The existing Renton Christian School has around 450 students in grades 1 through 8 and envisioned starting off with 20 to 25 online high schoolers. The sticking point, however, was meeting all the state requirements – without which the school would be ineligible for accreditation and its’ students’ transcripts would not be accepted by colleges or other high schools.
“Washington state has one set of private school approval requirements and standards, and one private school approval process,” wrote Martin T. Mueller, assistant superintendent for student support with the Office of Superintendent of Public Instruction in an e-mail to Konsmo in June.
“In that sense, Washington does not have an approval process specifically for private online schools,” Mueller explained. “Because a 9-12 offering by Renton Christian is considered a new school, you must actively demonstrate, using our proscribed application process, that your new high school meets all the requirements and standards for approval specified (under state law). Once you do so, OSPI will forward your application on to the State Board of Education for approval.”
The question is how to document something that doesn’t exist. In particular, the state insists students must receive 1,000 hours of instruction during a 180-day school year. However, showing how that happens with an arrangement in which, by definition, the student and teacher are separated by many miles can be problematic.
“Demonstrating the 1,000 hours provided in no less than 180 days typically means that you can show that each student is actually provided 1,000 hours of instruction (educational activity planned by and under the direction of school staff, inclusive of passing time and exclusive of meals),” Mueller wrote.
“Typically,” he added, “this also means that you can show that each teacher is actually providing 150 hours of direct instruction for each course for which one full credit is awarded. High schools pursuing approval often provide a listing of the courses offered and a description of the curriculum, the course schedule, the bell schedule or daily class schedule, teacher course assignments and policies on grading and attendance, among other things.”
Konsmo said public schools show compliance with the rule by using a formula that adds the number of instruction hours its on-site and online students receive, then averages the two numbers together.
That answer won’t work for the Renton program, though, since it currently has no high school students either on- or off-site.
“We could show how many instruction hours our younger students are getting, since high school and elementary students have to meet the same standard,” Konsmo said. “But the state won’t let us do that.”
Nor will it allow the high school program to be separated from the lower grades and evaluated separately.
“What data could we use to verify that our online students are receiving the necessary instruction time?” Konsmo asked the OSPI regulators in a subsequent e-mail. “In our own evaluation of the program, the education received would be quite vigorous and would fall in line with the accelerated standards we have set for our school in elementary and junior high, and would more than meet college entrance requirements.

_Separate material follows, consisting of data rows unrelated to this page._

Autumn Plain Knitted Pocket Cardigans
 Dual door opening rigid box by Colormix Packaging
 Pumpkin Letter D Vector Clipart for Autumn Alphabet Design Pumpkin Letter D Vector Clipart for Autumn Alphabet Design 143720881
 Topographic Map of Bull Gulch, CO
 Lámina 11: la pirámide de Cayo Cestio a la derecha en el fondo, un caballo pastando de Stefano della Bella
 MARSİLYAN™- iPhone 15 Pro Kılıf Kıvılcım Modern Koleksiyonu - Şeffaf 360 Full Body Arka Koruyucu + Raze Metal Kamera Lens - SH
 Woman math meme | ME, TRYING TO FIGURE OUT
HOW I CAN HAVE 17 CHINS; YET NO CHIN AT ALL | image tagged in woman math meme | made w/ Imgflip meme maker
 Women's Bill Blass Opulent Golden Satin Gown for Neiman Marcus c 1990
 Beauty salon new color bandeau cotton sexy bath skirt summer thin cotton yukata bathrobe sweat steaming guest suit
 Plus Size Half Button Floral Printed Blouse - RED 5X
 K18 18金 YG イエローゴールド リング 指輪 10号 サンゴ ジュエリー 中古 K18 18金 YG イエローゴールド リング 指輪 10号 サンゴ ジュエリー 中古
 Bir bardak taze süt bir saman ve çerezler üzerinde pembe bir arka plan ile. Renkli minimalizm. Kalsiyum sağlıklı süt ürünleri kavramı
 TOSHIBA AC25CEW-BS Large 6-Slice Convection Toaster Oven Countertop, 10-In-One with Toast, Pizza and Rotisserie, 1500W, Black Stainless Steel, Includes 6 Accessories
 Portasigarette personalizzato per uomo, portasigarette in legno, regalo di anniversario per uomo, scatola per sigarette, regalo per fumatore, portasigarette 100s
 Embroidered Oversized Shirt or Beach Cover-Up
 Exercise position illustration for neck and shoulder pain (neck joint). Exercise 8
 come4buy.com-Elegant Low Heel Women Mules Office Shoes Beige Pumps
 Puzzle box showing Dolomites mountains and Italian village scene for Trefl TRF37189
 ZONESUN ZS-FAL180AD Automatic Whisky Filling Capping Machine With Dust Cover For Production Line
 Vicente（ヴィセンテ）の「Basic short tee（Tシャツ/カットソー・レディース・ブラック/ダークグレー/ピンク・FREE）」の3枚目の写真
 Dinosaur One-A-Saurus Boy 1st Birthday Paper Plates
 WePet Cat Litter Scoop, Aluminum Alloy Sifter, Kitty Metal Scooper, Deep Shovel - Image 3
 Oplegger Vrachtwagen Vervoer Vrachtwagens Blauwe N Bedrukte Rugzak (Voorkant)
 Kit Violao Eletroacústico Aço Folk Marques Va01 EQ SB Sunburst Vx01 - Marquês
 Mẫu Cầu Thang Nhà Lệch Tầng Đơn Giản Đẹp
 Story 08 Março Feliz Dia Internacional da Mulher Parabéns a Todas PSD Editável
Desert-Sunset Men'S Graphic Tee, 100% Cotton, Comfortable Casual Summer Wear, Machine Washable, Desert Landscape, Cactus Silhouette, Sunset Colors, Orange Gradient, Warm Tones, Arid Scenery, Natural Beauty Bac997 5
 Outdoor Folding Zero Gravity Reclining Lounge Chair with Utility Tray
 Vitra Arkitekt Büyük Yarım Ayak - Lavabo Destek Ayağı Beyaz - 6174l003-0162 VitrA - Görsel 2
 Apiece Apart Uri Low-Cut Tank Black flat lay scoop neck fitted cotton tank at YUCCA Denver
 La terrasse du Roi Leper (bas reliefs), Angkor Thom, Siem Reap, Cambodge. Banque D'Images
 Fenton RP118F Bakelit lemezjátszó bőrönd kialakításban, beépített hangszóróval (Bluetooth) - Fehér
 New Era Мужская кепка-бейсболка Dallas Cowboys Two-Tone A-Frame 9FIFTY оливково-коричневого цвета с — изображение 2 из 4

How can we verify any of that with you?”
Renton Christian’s high school would contract with a company called Sevenstar to provide its curriculum. Sevenstar, has been endorsed by the Association of Christian Schools International (ACSI), the largest guild of Christian schools in the world.
As its name implies, Renton Christian has a strong religious component to its daily activities. According to the school’s website, “RCS fosters a rigorous spiritual atmosphere that seeks to mentor each student to be a disciple of Jesus Christ. Class lessons teach biblical principles and values, which becomes the basis for attitudes, thoughts, words and actions. Each teacher is qualified to apply class subjects to the lives of the students.”
But Konsmo doesn’t think the school’s difficulties with the state are rooted in resentment of its religious doctrine.
“There are a lot of religious private schools recognized by the state,” he said. “I think it’s just that we’re doing something new, something that requires them to be flexible, and they have no inclination to be helpful to anything that shakes up the status quo.”
For now, the two sides are at an impasse, and Konsmo said Renton Christian officials are about ready to “throw up our hands and conclude this won’t get done.
“I know in some states, teachers’ unions have filed lawsuits against their own school districts (that) are trying to increase the online schooling options for families,” Konsmo said. “I hope that’s not the roadblock we’re facing here.
“Online schooling isn’t for everyone,” he said, “but it is a solid solution for many students and families in the quickly-changing environment of K-12 education.”